§ Exercise prompt: Which lines run from the one containing "amor y afecto" through the end of the entries? Restate them word for word, and only those.
** Data follows **
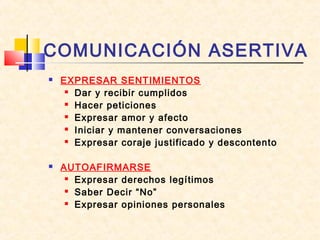 COMUNICACIÓN ASERTIVA
 EXPRESAR SENTIMIENTOS
 Dar y recibir cumplidos
 Hacer peticiones
 Expresar amor y afecto
 Iniciar y mantener conversaciones
 Expresar coraje justificado y descontento
 AUTOAFIRMARSE
 Expresar derechos legítimos
 Saber Decir “No”
 Expresar opiniones personales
** End of Data **
§ Solution to this problem:
 Expresar amor y afecto
 Iniciar y mantener conversaciones
 Expresar coraje justificado y descontento
 AUTOAFIRMARSE
 Expresar derechos legítimos
 Saber Decir “No”
 Expresar opiniones personales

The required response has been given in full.